In order to eliminate the kanamycin resistance cassette and to inactivate the ldhA gene, the chloramphenicol resistance cassette was inserted into the ldhA gene deleting most of the gene concerned according to Protocol 2.

Protocol 2 : Introduction of a PCR Product for Recombination and Selection of the Recombinants

The oligonucleotides chosen and given in Table 2 for replacement of a gene or an intergenic region were used to amplify either the chloramphenicol resistance cassette from the plasmid pKD3 or the kanamycin resistance cassette from the plasmid pKD4 (Datsenko, K. A. & Wanner, B. L. (2000)). The PCR product obtained was then introduced by electroporation into the recipient strain bearing the plasmid pKD46 in which the system λ Red (γ, β, exo) expressed greatly favours homologous recombination. The antibiotic-resistant transformants were then selected and the insertion of the resistance cassette was checked by PCR analysis with the appropriate oligonucleotides given in Table 1.

The other modifications of the strain were checked with the oligonucleotides given in Table 1.

The resulting strain was named E. coli MG1655 lpd*, ΔldhA::Cm, ΔtpiA, ΔpflAB, ΔadhE, ΔgloA, ΔaldA, ΔaldB, Δedd.

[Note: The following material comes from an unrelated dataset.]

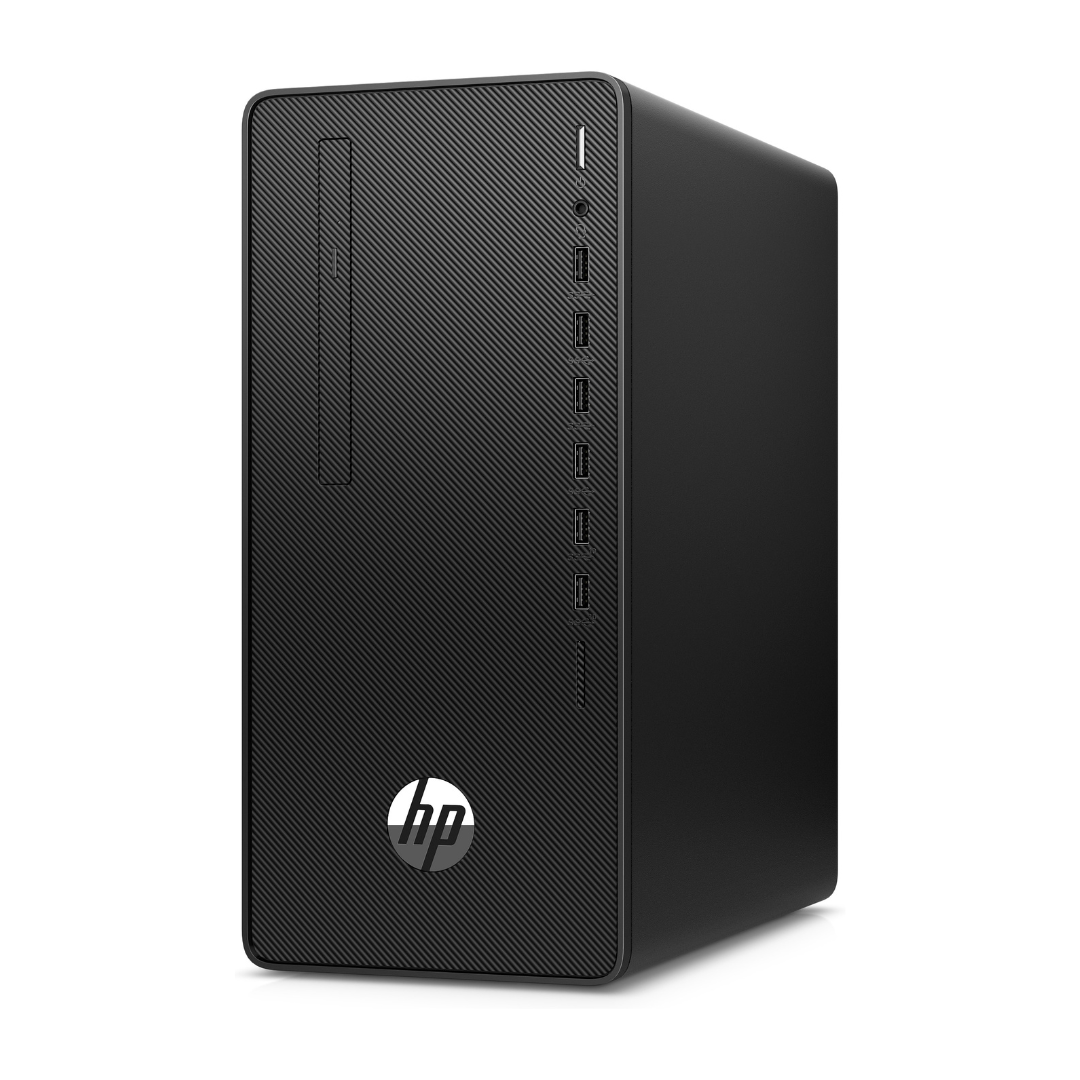 HP 290 G4 Desktop MT Core i7 10Th Gen (10700) 4GB RAM 1TB HDD +18.5'' MONITOR4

At each step, the presence of the modifications previously built in the strain was checked using the oligonucleotides given in Table 1.

TABLE 2
Oligonucleotides used for replacement of a chromosomal region by
recombination with a PCR product in the strain E. coli MG1655

			Homology with
Region name	Names of oligos	SEQ ID	chromosomal region
ldhA gene	DldhAF	N°32	1440865-1440786
	DldhAR	N°33	1439878-1439958
tpiA gene	tpiA::kmF	N°34	4109264-4109195
(reconstruction)	tpiA::kmR	N°35	4109109-4109193
gapA promoter	Ptrc-gapAF	N°36	1860478-1860536
(Ptrc16-gapA)	Ptrc-gapAR	N°37	1860762-1860800
pykA gene	DpykAF	N°38	1935756-1935836
	DpykAR	N°39	1937055-1937135
pykF gene	DpykFF	N°40	1753689-1753766
	DpykFR	N°41	1755129-1755051
gldA gene	gldA D f	N°42	4135511-4135590
	gldA D r	N°43	4136615-4136536
ackA-pta genes	DackAF	N°44	2411494-2411573
	DptaR	N°45	2414906-2414830
poxB gene	DpoxBF	N°46	908557-908635
	DpoxBR	N°47	910262-910180

Example 2

Evolution of the Modified Strains E. coli MG1655 lpd* ΔtpiA, ΔpflAB, ΔadhE, ΔldhA::Cm, ΔgloA, ΔaldA, ΔaldB, Δedd in Chemostat Culture Under Anaerobic or Microaerobic Conditions and Physiological Characterization of Evolution

To evolve it toward improved acetol or 1,2 propanediol production, the strain E. coli MG1655 lpd* ΔtpiA, ΔpflAB, ΔadhE, ΔldhA::Cm, ΔgloA, ΔaldA, ΔaldB, Δedd was cultivated in continuous culture under anaerobic conditions on one side and under micro aerobic conditions (1% oxygen) on the other side in the culture medium MPG such as described previously, with excess glucose (from 20 g/l initially with addition if the glucose becomes exhausted). The temperature was set at 37° C. and the pH was regulated at 6.5 by addition of base. The evolution of the strain in the chemostats was followed by the increase of the biomass concentration coupled with the increase of the concentrations of the products, acetol or 1,2-propanediol and the co-product acetate, over several weeks (from 4 weeks up to 6 months). This denoted the improvement of the performances of the strains. When the cultures reached a steady state with no further increase of the concentrations under these conditions, the evolution was done.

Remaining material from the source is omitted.